Chiles (appearing with White) argued that the then-current State of Texas was trying to forward a legal paradox by claiming itself, for the purpose of nullifying the sale of bonds, to have been invalidated whilst at the same time also claiming to be a valid complainant party for the purpose of establishing standing.

In order to preserve his desired outcome, Chase had to concoct that argument that the legal term "state" was a vagary which could refer to any combination of three things: the territory in which a legal state resides, the people who compose a the political body of a legal state, or the legal institution of a state's government. Chase separated these three things and addressed only the subject of the legality of the seceded government.

By claiming that the seceding government had exited all legal reality while leaving all corporeal and terrestrial matter behind (in a weird, twisted, backwards rapture), Chase presented a sort of "Goldilocks" zone within which the US could have legally conducted otherwise unconstitutional measures within its constitutional domain, or constitutional measures beyond its constitutional domain, or, basically, just whatever.

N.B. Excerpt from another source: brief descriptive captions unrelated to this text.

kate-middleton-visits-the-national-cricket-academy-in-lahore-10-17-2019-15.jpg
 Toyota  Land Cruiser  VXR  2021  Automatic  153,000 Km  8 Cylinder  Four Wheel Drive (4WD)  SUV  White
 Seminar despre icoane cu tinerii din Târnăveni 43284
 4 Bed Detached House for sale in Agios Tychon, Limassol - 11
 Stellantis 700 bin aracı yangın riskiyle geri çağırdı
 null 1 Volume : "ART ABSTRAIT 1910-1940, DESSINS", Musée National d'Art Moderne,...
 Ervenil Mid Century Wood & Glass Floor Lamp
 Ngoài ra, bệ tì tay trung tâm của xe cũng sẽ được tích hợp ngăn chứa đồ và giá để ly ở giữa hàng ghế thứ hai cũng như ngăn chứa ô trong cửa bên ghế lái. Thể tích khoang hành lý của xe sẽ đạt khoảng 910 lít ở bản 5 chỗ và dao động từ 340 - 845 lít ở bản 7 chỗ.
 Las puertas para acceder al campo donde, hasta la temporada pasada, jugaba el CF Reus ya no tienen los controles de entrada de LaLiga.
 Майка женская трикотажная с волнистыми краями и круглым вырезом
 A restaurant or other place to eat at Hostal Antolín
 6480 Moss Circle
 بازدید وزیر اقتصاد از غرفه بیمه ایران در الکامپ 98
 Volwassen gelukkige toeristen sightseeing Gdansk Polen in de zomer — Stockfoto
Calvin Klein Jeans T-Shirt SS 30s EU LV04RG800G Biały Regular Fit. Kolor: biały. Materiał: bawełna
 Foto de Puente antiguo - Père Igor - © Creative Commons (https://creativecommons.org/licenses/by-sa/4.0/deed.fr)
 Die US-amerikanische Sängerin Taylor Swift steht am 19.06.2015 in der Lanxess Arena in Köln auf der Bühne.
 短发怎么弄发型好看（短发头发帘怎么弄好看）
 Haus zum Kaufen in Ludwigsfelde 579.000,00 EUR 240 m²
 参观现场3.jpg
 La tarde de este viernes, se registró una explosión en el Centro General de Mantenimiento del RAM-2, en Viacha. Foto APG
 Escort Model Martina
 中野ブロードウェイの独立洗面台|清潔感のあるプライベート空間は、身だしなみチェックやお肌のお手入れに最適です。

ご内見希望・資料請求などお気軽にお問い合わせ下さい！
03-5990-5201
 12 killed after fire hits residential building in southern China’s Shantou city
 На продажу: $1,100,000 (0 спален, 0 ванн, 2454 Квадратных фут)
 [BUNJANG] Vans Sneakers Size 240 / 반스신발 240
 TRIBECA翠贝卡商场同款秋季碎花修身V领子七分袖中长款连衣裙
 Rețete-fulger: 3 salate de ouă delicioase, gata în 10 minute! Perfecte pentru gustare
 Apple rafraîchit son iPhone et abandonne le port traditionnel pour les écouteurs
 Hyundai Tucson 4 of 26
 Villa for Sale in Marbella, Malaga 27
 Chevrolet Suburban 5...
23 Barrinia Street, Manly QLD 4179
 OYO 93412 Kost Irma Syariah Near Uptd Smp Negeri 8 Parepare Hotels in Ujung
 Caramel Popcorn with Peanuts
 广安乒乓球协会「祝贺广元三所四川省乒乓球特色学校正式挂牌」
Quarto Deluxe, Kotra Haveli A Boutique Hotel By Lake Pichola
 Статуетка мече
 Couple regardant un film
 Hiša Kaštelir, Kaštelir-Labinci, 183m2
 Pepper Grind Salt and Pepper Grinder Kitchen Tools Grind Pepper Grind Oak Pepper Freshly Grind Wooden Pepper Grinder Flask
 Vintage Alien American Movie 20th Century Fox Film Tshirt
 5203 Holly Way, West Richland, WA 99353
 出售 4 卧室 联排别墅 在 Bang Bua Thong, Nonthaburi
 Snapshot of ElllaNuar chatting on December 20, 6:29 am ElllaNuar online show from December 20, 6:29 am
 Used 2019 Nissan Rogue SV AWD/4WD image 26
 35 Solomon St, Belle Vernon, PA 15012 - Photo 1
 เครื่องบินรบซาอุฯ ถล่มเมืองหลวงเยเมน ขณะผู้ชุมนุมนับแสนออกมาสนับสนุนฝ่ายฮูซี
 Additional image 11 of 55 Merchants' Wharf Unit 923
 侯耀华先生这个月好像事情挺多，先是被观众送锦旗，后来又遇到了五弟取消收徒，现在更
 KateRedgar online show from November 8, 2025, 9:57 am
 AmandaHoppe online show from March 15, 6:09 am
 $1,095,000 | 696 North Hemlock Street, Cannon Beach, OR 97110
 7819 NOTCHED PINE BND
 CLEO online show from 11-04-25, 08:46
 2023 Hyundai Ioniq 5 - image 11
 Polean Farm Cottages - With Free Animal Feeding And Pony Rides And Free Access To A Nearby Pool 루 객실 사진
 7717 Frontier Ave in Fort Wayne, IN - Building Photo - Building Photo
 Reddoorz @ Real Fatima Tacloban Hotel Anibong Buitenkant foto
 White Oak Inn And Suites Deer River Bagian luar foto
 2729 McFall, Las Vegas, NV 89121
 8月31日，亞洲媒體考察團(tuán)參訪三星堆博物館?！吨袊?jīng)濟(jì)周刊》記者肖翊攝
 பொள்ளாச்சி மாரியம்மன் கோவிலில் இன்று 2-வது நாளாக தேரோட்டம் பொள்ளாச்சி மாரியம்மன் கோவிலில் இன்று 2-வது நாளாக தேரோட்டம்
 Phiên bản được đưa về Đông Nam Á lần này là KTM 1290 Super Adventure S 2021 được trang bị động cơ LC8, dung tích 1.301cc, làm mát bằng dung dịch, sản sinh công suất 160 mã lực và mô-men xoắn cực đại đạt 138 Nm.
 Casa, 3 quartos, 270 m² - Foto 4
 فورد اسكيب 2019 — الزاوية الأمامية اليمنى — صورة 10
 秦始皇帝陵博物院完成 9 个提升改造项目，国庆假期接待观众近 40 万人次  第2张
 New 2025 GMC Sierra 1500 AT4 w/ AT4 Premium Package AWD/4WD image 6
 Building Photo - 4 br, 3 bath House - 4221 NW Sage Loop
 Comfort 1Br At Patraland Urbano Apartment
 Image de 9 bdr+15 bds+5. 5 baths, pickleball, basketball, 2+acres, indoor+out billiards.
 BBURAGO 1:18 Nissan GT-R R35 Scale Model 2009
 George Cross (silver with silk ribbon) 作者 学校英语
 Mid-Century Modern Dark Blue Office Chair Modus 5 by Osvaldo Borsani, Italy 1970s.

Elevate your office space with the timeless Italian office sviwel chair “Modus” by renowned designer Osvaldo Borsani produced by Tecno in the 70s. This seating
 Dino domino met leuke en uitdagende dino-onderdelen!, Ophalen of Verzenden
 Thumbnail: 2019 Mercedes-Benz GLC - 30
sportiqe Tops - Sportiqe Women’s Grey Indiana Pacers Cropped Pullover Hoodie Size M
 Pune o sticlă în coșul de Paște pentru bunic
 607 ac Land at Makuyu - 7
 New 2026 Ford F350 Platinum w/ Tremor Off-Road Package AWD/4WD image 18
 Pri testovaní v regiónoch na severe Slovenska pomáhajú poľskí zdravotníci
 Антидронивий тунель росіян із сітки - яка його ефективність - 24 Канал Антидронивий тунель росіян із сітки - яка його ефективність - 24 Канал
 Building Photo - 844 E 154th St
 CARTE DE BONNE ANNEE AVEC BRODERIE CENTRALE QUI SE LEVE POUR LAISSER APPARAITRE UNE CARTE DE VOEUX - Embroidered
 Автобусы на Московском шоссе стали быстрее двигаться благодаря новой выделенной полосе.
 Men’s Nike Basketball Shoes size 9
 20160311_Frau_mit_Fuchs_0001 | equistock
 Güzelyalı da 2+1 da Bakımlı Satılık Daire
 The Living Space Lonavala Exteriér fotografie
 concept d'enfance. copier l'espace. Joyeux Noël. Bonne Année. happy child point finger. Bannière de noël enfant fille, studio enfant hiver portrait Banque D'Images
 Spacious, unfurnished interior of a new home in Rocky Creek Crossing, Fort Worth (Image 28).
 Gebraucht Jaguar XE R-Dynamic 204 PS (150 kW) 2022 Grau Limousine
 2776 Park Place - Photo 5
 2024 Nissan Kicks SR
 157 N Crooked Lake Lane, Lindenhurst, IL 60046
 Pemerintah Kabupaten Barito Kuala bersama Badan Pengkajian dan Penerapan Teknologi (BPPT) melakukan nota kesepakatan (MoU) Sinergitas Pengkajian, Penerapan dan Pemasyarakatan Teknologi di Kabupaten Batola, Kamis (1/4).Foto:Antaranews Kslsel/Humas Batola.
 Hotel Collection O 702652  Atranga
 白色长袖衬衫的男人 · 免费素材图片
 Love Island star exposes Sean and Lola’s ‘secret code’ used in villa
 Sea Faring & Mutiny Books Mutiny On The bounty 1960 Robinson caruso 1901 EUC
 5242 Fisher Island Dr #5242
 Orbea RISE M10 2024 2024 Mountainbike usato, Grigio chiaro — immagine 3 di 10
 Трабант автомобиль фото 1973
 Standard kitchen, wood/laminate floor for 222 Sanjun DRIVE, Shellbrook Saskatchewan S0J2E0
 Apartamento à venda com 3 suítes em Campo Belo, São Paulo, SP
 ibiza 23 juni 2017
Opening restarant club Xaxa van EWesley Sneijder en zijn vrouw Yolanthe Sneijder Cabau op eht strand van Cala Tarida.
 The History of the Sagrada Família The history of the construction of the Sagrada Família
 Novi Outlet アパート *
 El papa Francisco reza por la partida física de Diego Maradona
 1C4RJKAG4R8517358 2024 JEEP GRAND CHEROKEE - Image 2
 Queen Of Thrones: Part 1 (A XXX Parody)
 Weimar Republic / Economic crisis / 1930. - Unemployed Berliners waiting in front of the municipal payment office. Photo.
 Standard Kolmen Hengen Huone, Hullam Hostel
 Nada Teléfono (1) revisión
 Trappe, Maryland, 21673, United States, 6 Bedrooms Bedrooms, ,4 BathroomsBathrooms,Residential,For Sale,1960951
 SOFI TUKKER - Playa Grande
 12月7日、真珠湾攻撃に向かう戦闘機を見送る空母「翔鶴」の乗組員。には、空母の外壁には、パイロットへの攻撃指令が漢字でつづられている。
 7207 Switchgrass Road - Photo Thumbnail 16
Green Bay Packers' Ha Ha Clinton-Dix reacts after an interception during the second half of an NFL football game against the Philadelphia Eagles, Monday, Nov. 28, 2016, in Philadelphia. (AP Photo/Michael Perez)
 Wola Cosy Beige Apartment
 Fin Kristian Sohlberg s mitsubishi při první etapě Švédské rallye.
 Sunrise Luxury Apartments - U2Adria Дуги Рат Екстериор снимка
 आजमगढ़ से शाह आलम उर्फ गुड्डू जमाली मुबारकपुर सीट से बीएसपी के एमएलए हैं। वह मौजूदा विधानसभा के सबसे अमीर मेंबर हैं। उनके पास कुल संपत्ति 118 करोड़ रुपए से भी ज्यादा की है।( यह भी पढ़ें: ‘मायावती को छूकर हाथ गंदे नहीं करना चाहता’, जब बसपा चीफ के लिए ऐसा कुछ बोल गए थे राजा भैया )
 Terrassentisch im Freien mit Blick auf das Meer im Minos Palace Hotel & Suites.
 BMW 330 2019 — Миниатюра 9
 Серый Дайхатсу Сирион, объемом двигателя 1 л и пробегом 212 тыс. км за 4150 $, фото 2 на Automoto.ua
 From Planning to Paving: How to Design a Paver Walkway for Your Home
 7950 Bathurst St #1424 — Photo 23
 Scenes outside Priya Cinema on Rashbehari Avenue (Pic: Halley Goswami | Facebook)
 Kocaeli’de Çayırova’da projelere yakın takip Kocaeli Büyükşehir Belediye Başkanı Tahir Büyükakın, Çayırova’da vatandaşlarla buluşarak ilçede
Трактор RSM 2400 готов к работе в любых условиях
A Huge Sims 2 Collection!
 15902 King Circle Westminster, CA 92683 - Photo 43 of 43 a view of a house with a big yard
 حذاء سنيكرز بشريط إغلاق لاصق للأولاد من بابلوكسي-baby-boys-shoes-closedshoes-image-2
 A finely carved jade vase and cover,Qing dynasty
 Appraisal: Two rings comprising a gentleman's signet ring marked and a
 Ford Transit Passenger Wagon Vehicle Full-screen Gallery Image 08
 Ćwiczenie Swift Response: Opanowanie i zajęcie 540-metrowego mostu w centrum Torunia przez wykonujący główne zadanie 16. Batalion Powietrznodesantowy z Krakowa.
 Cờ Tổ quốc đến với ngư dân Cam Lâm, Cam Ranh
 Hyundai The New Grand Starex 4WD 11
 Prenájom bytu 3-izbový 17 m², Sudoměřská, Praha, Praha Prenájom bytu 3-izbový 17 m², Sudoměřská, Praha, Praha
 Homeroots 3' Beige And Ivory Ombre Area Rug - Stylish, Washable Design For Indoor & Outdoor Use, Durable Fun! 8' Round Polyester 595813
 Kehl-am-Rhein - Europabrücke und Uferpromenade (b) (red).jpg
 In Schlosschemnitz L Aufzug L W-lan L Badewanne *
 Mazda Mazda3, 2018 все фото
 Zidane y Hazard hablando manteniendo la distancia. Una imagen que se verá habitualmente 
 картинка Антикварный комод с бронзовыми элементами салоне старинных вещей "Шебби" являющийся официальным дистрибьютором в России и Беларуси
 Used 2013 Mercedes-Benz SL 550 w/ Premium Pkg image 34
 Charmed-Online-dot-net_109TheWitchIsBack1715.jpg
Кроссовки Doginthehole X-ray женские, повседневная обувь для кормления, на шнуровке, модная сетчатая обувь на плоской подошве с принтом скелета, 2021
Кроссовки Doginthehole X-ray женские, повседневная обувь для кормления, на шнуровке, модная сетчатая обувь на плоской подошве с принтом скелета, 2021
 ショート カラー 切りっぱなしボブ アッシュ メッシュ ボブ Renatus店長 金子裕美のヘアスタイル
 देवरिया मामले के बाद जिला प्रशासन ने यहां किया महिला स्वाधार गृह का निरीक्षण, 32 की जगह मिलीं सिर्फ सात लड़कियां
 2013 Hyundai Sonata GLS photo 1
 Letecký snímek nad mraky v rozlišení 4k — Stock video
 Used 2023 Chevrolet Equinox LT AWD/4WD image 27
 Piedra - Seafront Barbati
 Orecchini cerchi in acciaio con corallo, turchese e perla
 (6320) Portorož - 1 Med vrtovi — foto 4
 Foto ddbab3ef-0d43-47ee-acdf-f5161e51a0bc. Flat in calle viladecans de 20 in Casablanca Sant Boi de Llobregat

Chiles had argued that it was an either/or legal dilemma; that either Texas had been in (and the bond sale was legit), or that Texas had been out and then conquered (and therefore not recognizable). Chase found a third way that doesn't really precisely address popular secession or the removal of territories by arguing that, it this particular case, the people and the land of Texas just happened to still be within the United States because the seceding government had delegitimized itself, voiding the ordinance of secession. This allowed him to rule against the party actually claiming that secession was illegal while preserving an outcome which depended upon it being so.

The Supreme Court did not FIND secession to be illegal, it derived a conclusion from the prior assumption that it just WAS.